A campaign that converges toward a single lead series will show decreasing n_components and persistence_entropy over time. A diverging campaign (exploring multiple scaffolds in parallel) shows the opposite.

Full Campaign Analysis Pipeline

Putting it all together: load a compound library, track a campaign, detect pivots, compare with historical successes, and monitor topology.

import chronos_vector as cvx
import numpy as np

# 1. Create index and ingest compound library
index = cvx.TemporalIndex(m=32, ef_construction=200, ef_search=64)
index.enable_quantization(vmin=0.0, vmax=1.0)
index.bulk_insert(entity_ids, timestamps, fingerprints)

# 2. Track campaign over screening rounds
traj = index.trajectory(entity_id="campaign_AZ_2024_kinase")

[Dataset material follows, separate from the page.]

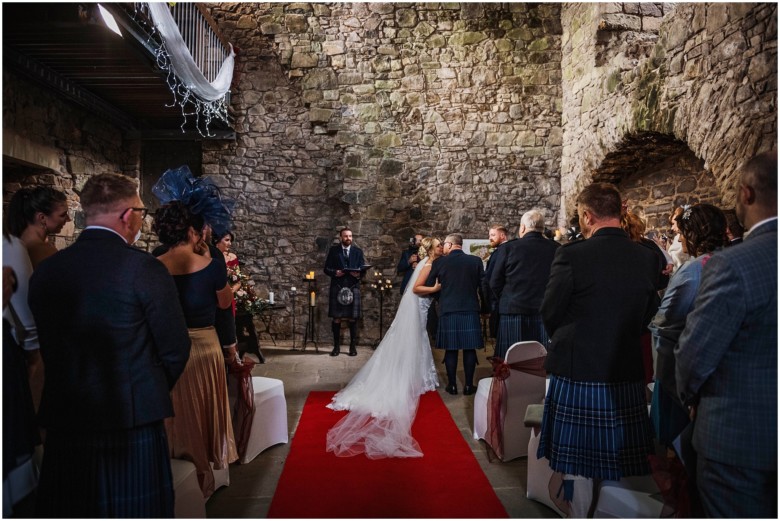 bride and groom wedding ceremony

# 3. Identify when focus shifted
changepoints = cvx.detect_changepoints(
    "campaign_AZ_2024_kinase", traj, min_segment_len=3
)

# 4. Measure chemical space drift (early vs. late)
reg_traj = index.region_trajectory(
    entity_id="campaign_AZ_2024_kinase", level=2, window_days=30, alpha=0.3
)
centroids = [c for _, c, _ in index.regions(level=2)]
drift = cvx.wasserstein_drift(
    list(reg_traj[0][1]), list(reg_traj[-1][1]), centroids
)

# 5. Compare with a historically successful campaign
rt_ref = index.region_trajectory(
    entity_id="campaign_SUCCESS_2022_kinase", level=3, window_days=30, alpha=0.3
)
sig_current = cvx.path_signature(
    [(t, [float(x) for x in d]) for t, d in
     index.region_trajectory("campaign_AZ_2024_kinase", level=3, window_days=30, alpha=0.3)],
    depth=2, time_augmentation=True,
)
sig_ref = cvx.path_signature(
    [(t, [float(x) for x in d]) for t, d in rt_ref],
    depth=2, time_augmentation=True,
)
similarity = cvx.signature_distance(sig_current, sig_ref)

# 6. Monitor chemical space topology
topo = cvx.topological_features(centroids, n_radii=30, persistence_threshold=0.05)

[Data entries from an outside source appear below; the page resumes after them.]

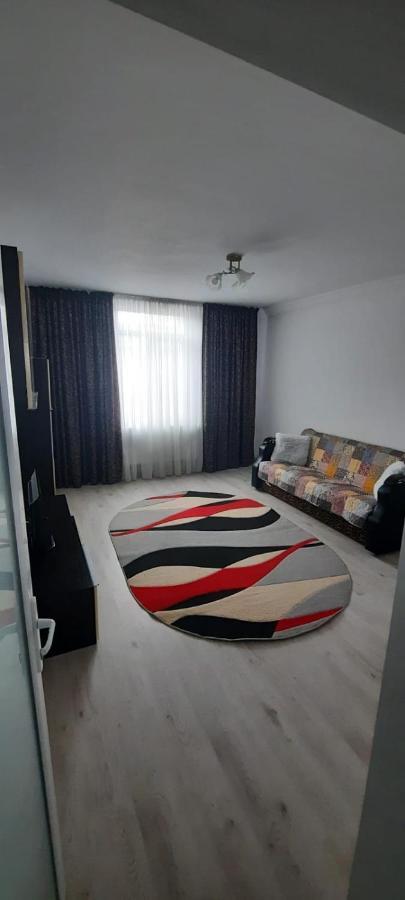 Apartament La Denis Birlad Ngoại thất bức ảnh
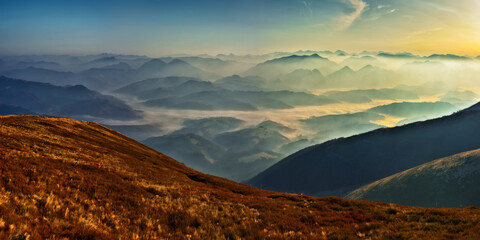 Fototapeta premium silhouettes of morning mountains. foggy morning in the Carpathians. Mountain landscape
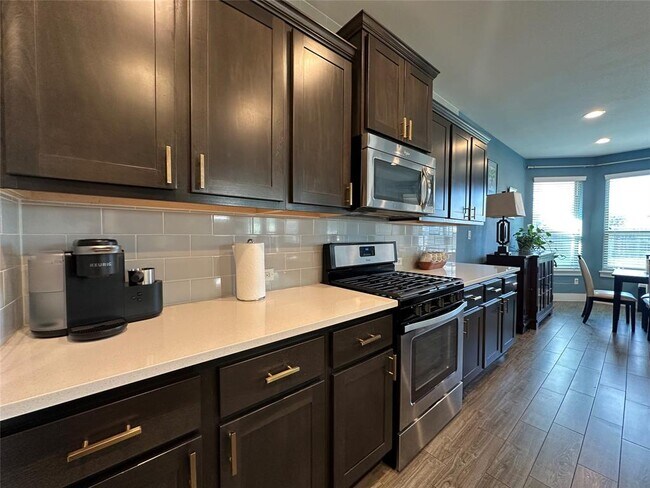 Building Photo - 8020 Annalise Dr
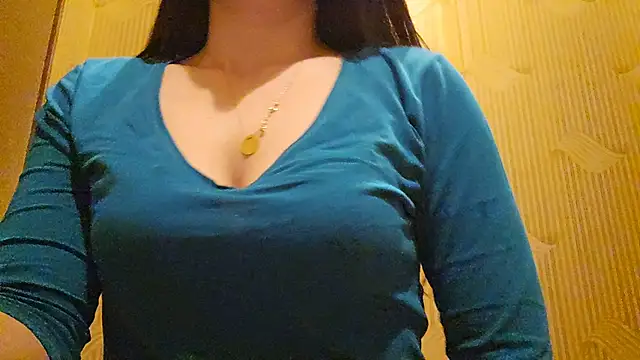 AlejandraDelaney online show from March 15, 2025, 4:21 pm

print(f"Campaign: campaign_AZ_2024_kinase")
print(f"  Screening rounds:      {len(traj)}")
print(f"  Focus shifts detected: {len(changepoints)}")
print(f"  Chemical space drift:  {drift:.4f}")
print(f"  Similarity to ref:     {similarity:.4f}")
print(f"  Active chemotypes:     {topo['n_components']}")
print(f"  Persistence entropy:   {topo['persistence_entropy']:.4f}")

CVX Functions Used

Function	Role in Drug Discovery
`bulk_insert`	Ingest compound library with screening-round timestamps
`search`	k-NN similarity search in fingerprint space
`regions`	Discover chemical clusters / series from HNSW hierarchy
`region_members`	List compounds belonging to a chemical series
`trajectory`	Full path of a campaign through chemical space
`detect_changepoints`	Identify screening rounds where focus shifted
`region_trajectory`	Campaign’s distribution over chemical clusters over time
`wasserstein_drift`	Chemical space migration between time windows
`fisher_rao_distance`	Geodesic distance between activity profiles
`path_signature`	Universal trajectory fingerprint for campaign comparison
`signature_distance`	Distance between campaign signatures
`topological_features`	Shape of active chemical space (clusters, persistence)

References

Vogt, M. & Bajorath, J. (2016). Molecular Fingerprint Similarity Search. Chemoinformatics, Humana Press.
Gao, W. et al. (2025). Chemical Space Navigation with Generative AI. Proceedings of the National Academy of Sciences.